» **What is needed**: The listing is to be printed word for word, pictures omitted.

» **Supplied information**:
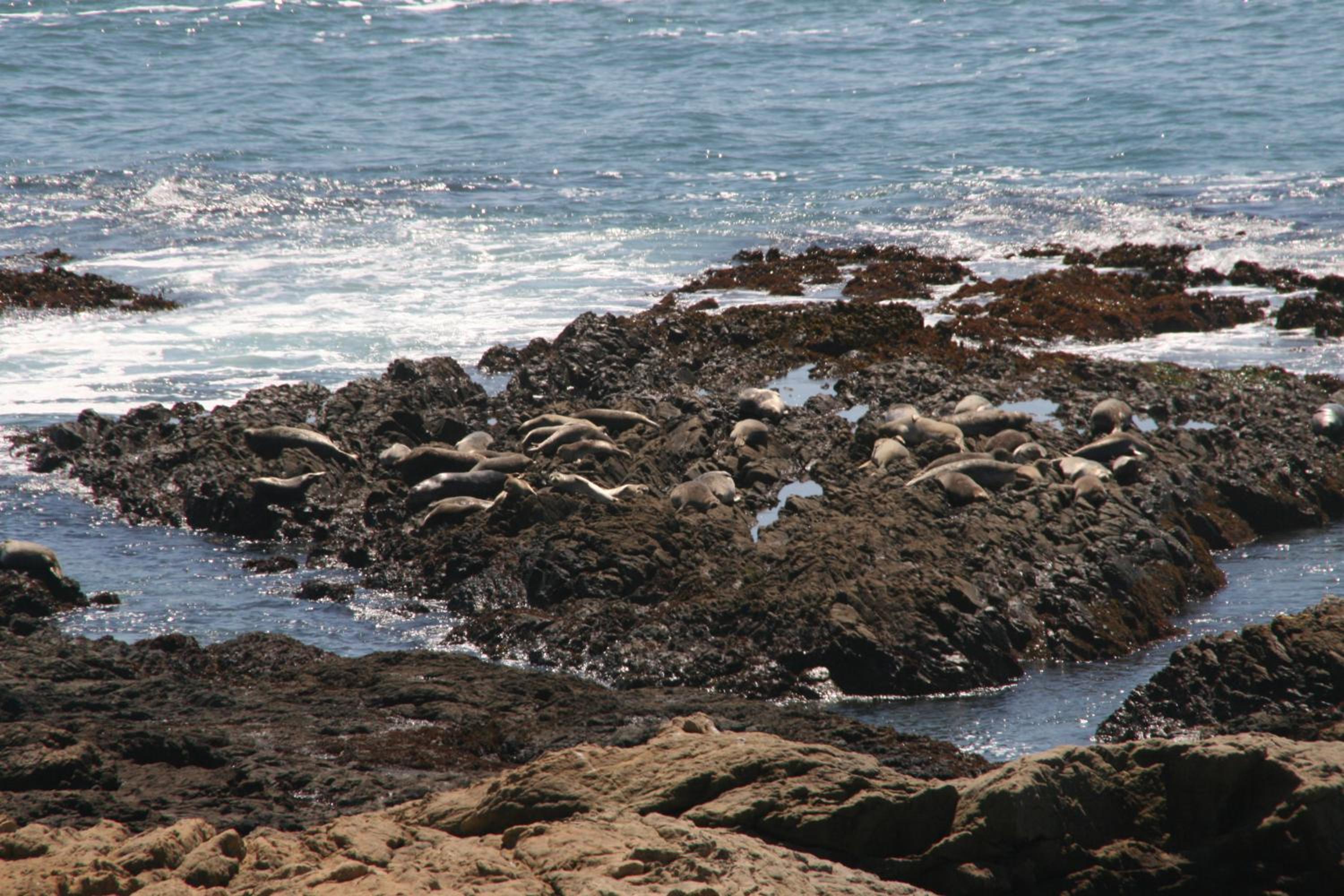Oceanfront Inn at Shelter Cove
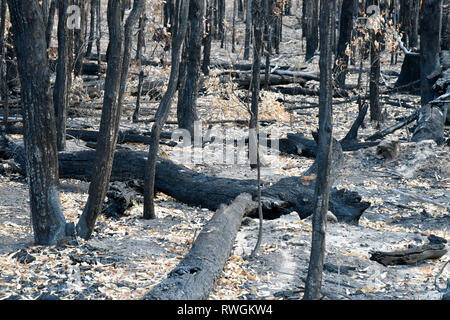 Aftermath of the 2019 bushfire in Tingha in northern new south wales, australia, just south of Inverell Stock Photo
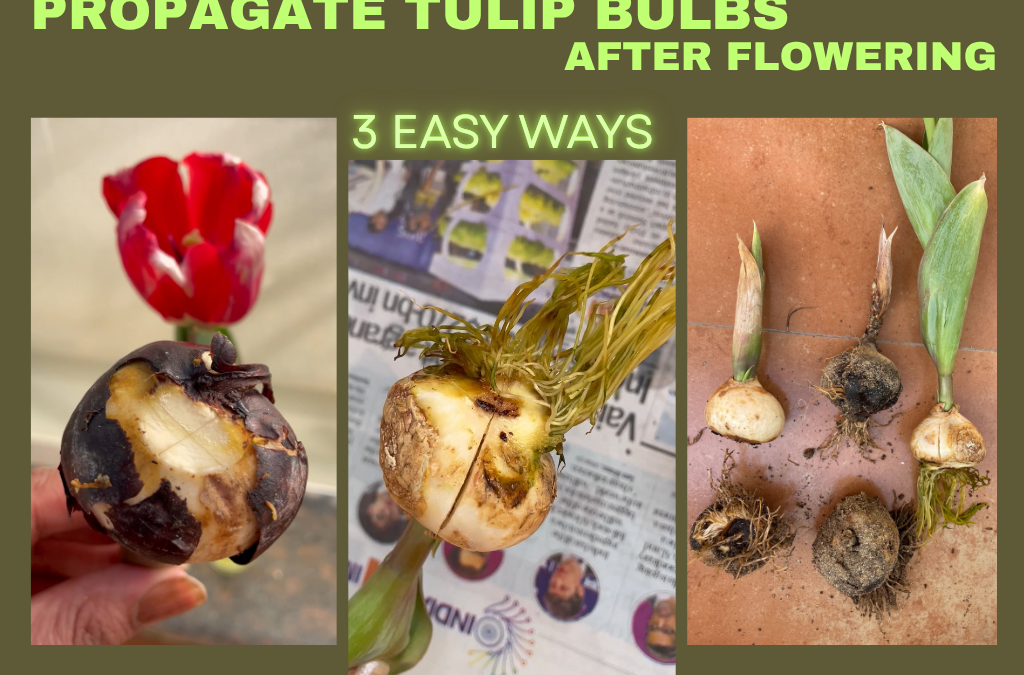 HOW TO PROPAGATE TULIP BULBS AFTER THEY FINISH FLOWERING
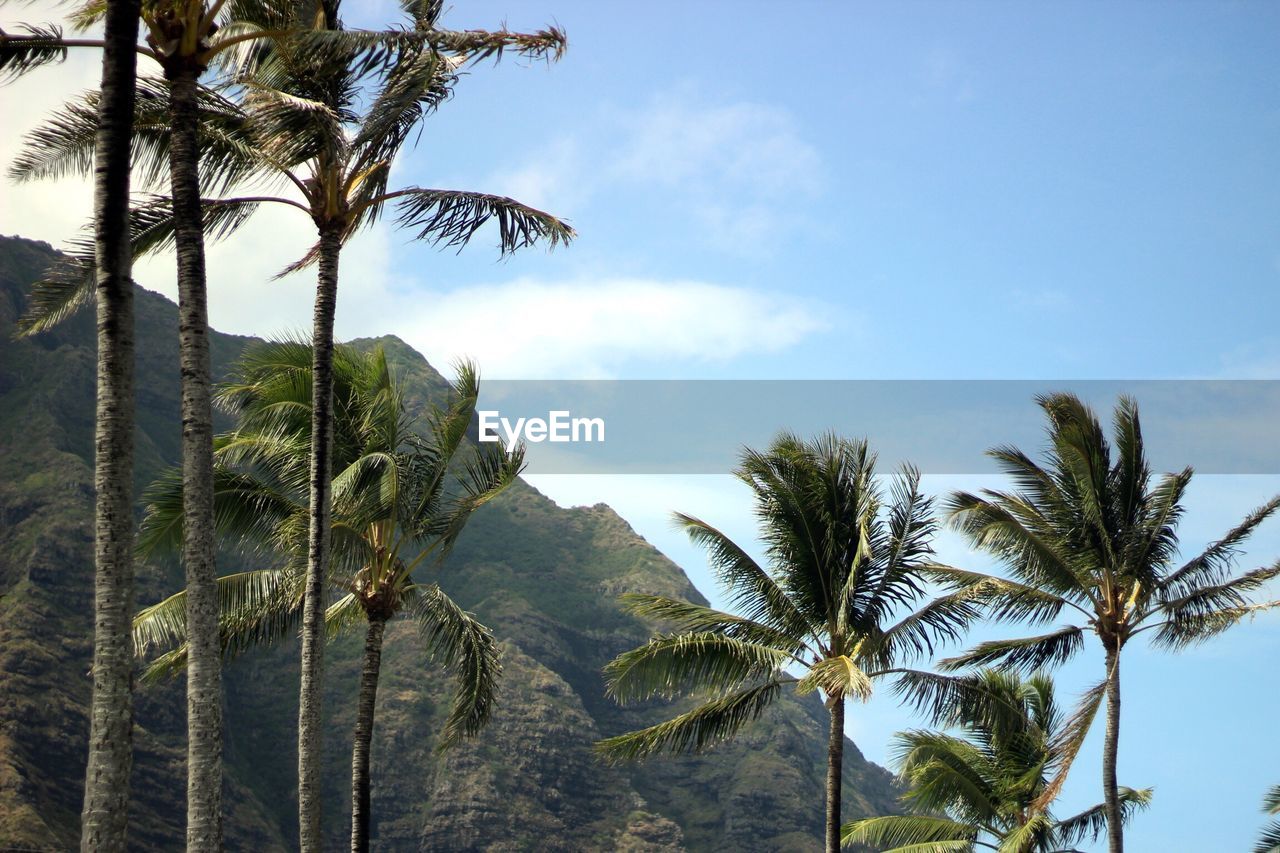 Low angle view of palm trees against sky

» **Answer space**:
Oceanfront Inn at Shelter Cove
 Aftermath of the 2019 bushfire in Tingha in northern new south wales, australia, just south of Inverell Stock Photo
 HOW TO PROPAGATE TULIP BULBS AFTER THEY FINISH FLOWERING
 Low angle view of palm trees against sky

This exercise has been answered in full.